Note that R is case sensitive, if you type in B instead of b, you will get an error. Lets save the numbers 4, 16 and 9 into a vector called v1
v1 <- c(4, 16, 9)
v1
## [1] 4 16 9
You should see the objects b and v1 pop up in the Environment tab on the top right window of your RStudio interface.
Note that the name v1 is nothing special here. You could have named the object x or geo200cn or your pet’s name (mine was charlie). You can’t, however, name objects using special characters (e.g. !, @, $) or only numbers (although you can combine numbers and letters, but a number cannot be at the beginning e.g. 2d2). For example, you’ll get an error if you save the vector c(4,16,9) to an object with the following names
123 <- c(4, 16, 9)
!!! <- c(4, 16, 9)
## Error: <text>:2:5: unexpected assignment
## 1: 123 <- c(4, 16, 9)
## 2: !!! <-
## ^
Also note that to distinguish a character value from a variable name, it needs to be quoted. “v1” is a character value whereas v1 is a variable. One of the most common mistakes for beginners is to forget the quotes.
brazil
## Error in eval(expr, envir, enclos): object 'brazil' not found
The error occurs because R tries to print the value of object
brazil, but there is no such object in your current
environment. So remember that any time you get the error message
object 'something' not found
, the most likely reason is
that you forgot to quote a character value. If not, it probably means
that you have misspelled, or not yet created, the object that you are
referring to. I’ve included common pitfalls and R tips in this class resource.

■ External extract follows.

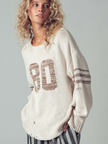 Relaxed Knit Pullever with Varsity Number Detail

You can add vectors with the same length
c <- 1:5
d <- 6:10
c+d
## [1] 7 9 11 13 15
You can also test their equality
c == d
## [1] FALSE FALSE FALSE FALSE FALSE
Every vector has two key properties: type and
length. The type property indicates the data type that the
vector is holding. Use the command typeof()
to determine
the type
typeof(b)
## [1] "character"
typeof(v1)
## [1] "double"
Note that a vector cannot hold values of different types. If
different data types exist, R will coerce the values into the highest
type based on its internal hierarchy: logical < integer < double
< character. Type in test <- c("r", 6, TRUE)
in your
R console. What is the vector type of test
?
The command length()
determines the number of data
values that the vector is storing
length(b)
## [1] 1
length(v1)
## [1] 3
You can also directly determine if a vector is of a specific data
type by using the command is.X()
where you replace
X
with the data type. For example, to find out if
v1 is numeric, type in
is.numeric(b)
## [1] FALSE
is.numeric(v1)
## [1] TRUE
There is also is.logical()
, is.character()
,
is.factor()
, and is.na()
. You can also coerce
a vector of one data type to another. For example, save the value “1”

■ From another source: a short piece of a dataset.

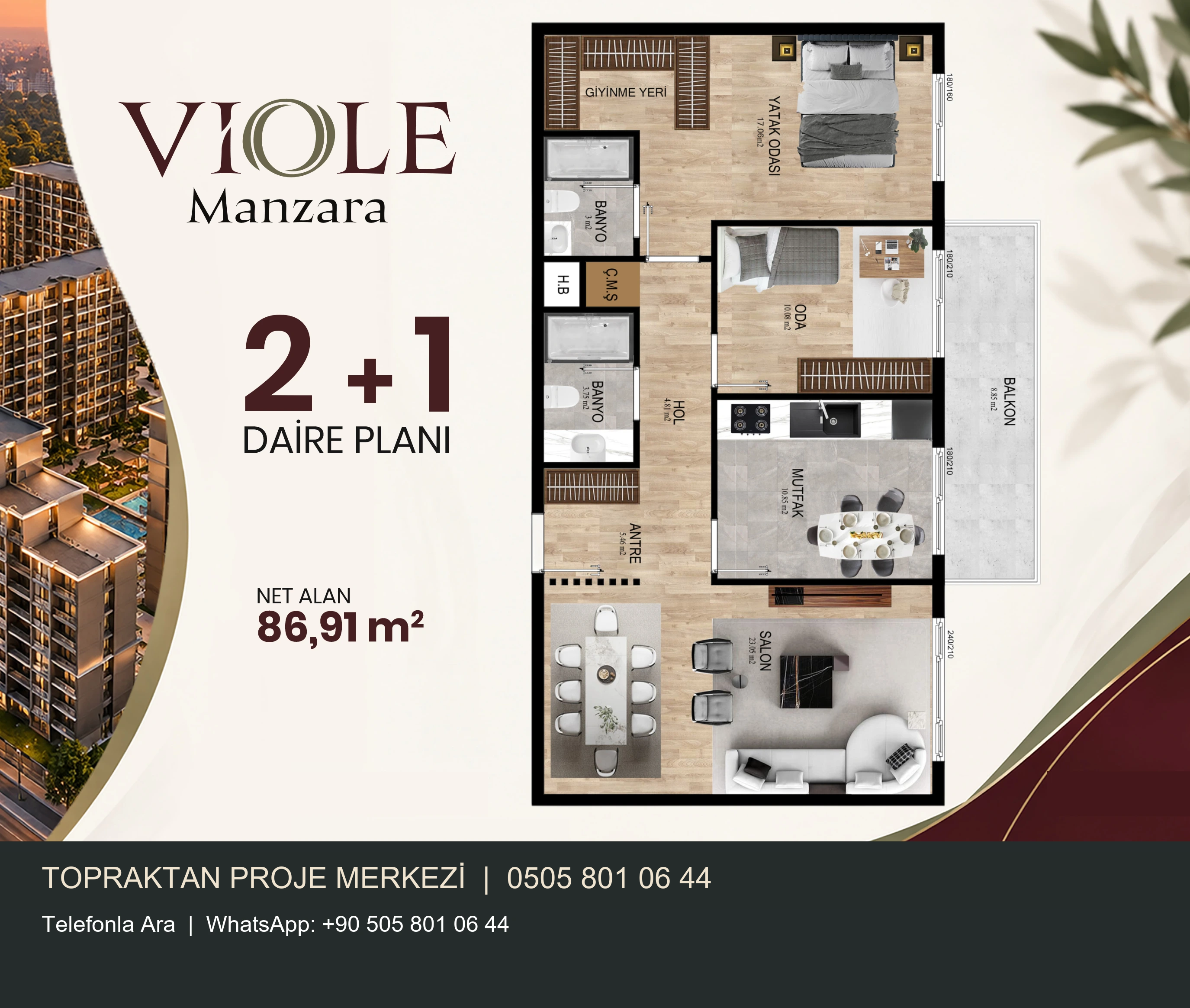 Viole Manzara daire planı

and “2” (both in quotes) into a vector named x1
x1 <- c("1", "2")
typeof(x1)
## [1] "character"
To convert x1 into a numeric, use the command
as.numeric()
x2 <- as.numeric(x1)
typeof(x2)
## [1] "double"
There is also as.logical()
, as.character()
,
and as.factor()
.
An important practice you should adopt early is to keep only
necessary objects in your current R Environment. For example, we will
not be using x2 any longer in this guide. To remove this object
from R forever, use the command rm()
rm(x2)
The data frame object x2 should have disappeared from the Environment tab. Bye bye!
Also note that when you close down R Studio, the objects you created above will disappear for good. Unless you save them onto your hard drive (we’ll touch on saving data in next week’s lab), all data objects you create in your current R session will go bye bye when you exit the program.
We learned that data values can be stored in data structures known as vectors. The next step is to learn how to store vectors into an even higher level data structure. The data frame can do this. A data frame is what you get when you read spreadsheet-like data into R. Data frames store vectors of the same length. Create a vector called v2 storing the values 5, 12, and 25
v2 <- c(5,12,25)
We can create a data frame using the command
data.frame()
storing the vectors v1 and
v2 as columns
data.frame(v1, v2)
## v1 v2
## 1 4 5
## 2 16 12
## 3 9 25
Store this data frame in an object called df1
df1<-data.frame(v1, v2)
df1 should pop up in your Environment window. You’ll notice a next to df1. This tells you that df1 possesses or holds more than one object. Click on and you’ll see the two vectors we saved into df1. Another neat thing you can do is directly click on df1 from the Environment window to bring up an Excel style worksheet on the top left of your RStudio interface. You can’t edit this worksheet directly, but it allows you to see the values that a higher level R data object contains.
We can store different types of vectors in a data frame. For example, we can store one character vector and one numeric vector in a single data frame.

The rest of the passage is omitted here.